ADİL ZOZANİ (Hakkâri) - Bunu söyleyen kardeşim, talep edileceğini nereden biliyorsunuz?

İZZET ÇETİN (Ankara) - Şimdi armut hikâyesi geldi aklıma da boş ver.

Şimdi, değerli arkadaşlar, gerçekten bu Komisyonun ağırlığını, bu Meclisin ağırlığını yok ettiniz, yok ediyorsunuz bu düzenlemelerle.

Bakın, bir başka düzenlemeye geliyorum arkadaşlar, bu İnternet ortamı. Bu kadar demokrasi dışı, hukuk dışı... Yani bütün dünya soruyor arkadaşlar, önceki gün, işte Sayın Arınç gitti cevaplandırmaya 182 ülkenin 122'si Türkiye'ye soru sormak için kuyruğa girmiş. İnsanın yüreği sızlar ya, biraz vicdanı olanın vicdanı sızlar, bu ülke bu hâle düşürülecek ülke mi ya? En çok da bu tür, özellikle iletişim, haberleşme, özgürlükler, temel hak ve özgürlüklerin kullanımı, basın özgürlüğü, tutuklu gazeteciler, vesair alanlarına Türkiye'yi -tabii, işaret yapıyorsun da- değerli yalnızlık konumuna getirdiniz Sayın Ünüvar.

NECDET ÜNÜVAR (Adana) - Ben Sayın Seçer'e yapıyorum ya.

İZZET ÇETİN (Ankara) - Değerli yalnız ülke, sıfır sorundan her tarafı sorun olan bir ülke, bütün komşularıyla sorunlu bir ülke konumuna getirmeyi başardınız. Sizi gerçekten kutluyorum(!)

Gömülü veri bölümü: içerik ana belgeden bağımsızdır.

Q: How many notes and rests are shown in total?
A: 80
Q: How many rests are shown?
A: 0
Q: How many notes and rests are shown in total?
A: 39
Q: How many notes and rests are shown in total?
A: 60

Değerli arkadaşlar, bir başka düzenleme yine, Sayın Günal da belirtti, diğer arkadaşlarımız da değindi, bir özelleştirme yapılırken özelleştirmenin şartnamesi yukarıdan aşağıya ortaya konuluyor. O şartnameye göre riskler, kârlılık durumu, verimlilik durumu vesaire yapılıyor. Oraya talipli firmalar gidiyor, belli bir bedel karşılığı şartnameyi alıyor inceliyor. İhaleye giriyorlar, en yüksek fiyatı veren ya da bir yolunu bulan kimse, neyse, alıyor, kâr edeceğini bilerek alıyor. Yani, kapitalist düzende bir işletmeci için amaç kâr, kâr etmeyeceği bir alanı hiç kimse almaz. "Kâr edeceğim." diye alıyor ama orada riskleri görüyor. Türkiye de yeni değil, Doğu ve Güneydoğu Anadolu'da kayıp kaçak oranı diğer bölgelere oranla çok yüksek ama bu yüksekliği bile bile... Yani Türkiye Elektrik Kurumu, TEK, parçalandı, üretim ayrıldı, dağıtım ayrıldı, sonra bölgeler hep ayrıldı, sonra şehir şehir parçalandı, yandaşlara, yerli yabancı demeden, bunlar yok pahasına verildi. Şimdi, eğer böyle bir düzenleme yapıyorsun, şartnameyi baştan sona kadar belirliyorsun ve bunların bir kısmını kayıp kaçak oranları da göz önüne alınarak, o şartnamede riski de göz önüne alarak ihaleye çıkıyorsun, ihaleyi alıyor bir firma. E, şimdi, kayıp kaçak oranları diğer yerlerden yüksek olan bölgelerde kurum fiyatları ayarlamaya yetkili olacak. Bu, doğrudan doğruya özelleştirme şartnamesine, ihalesine kanunla müdahaledir arkadaşlar. Bu, Anayasa'ya aykırıdır. Yani eğer kayıp kaçak oranları, o riskler şartnamede hiç yok olsa bile alan firma gerekirse batacak. Niye kayıracağım ben onu bir kanun maddesiyle, kimi kayırıyorum, neden? Yani orada kayıp kaçak oranı yüksek. Zaten yüksekti. O, o kadar ucuz almasaydı belki bir başka firma biraz daha farklı fiyat verip alabilecekti, belki kendisine güvenip tahsilata çıkabilecekti, belki de... Yani özelleştirmeye çıkarken, bu elektrik kurumu parçalanırken her şey çok iyi olacaktı, devlet kâr edecekti, yüklenici firmalar kâr edecekti. Allayıp pullayıp pazarladınız, sattınız, şimdi de "Firma kâr edemiyor." diye bu yoksul halkın ödediği vergilerden ona çıkar sağlayacaksınız. Arkadaşlar, bu ihaleye fesat, ihaleye kanun yoluyla müdahaledir, buna hakkınız yok. Bu maddelerin çıkması gerekir bu çorba kanunun içinden.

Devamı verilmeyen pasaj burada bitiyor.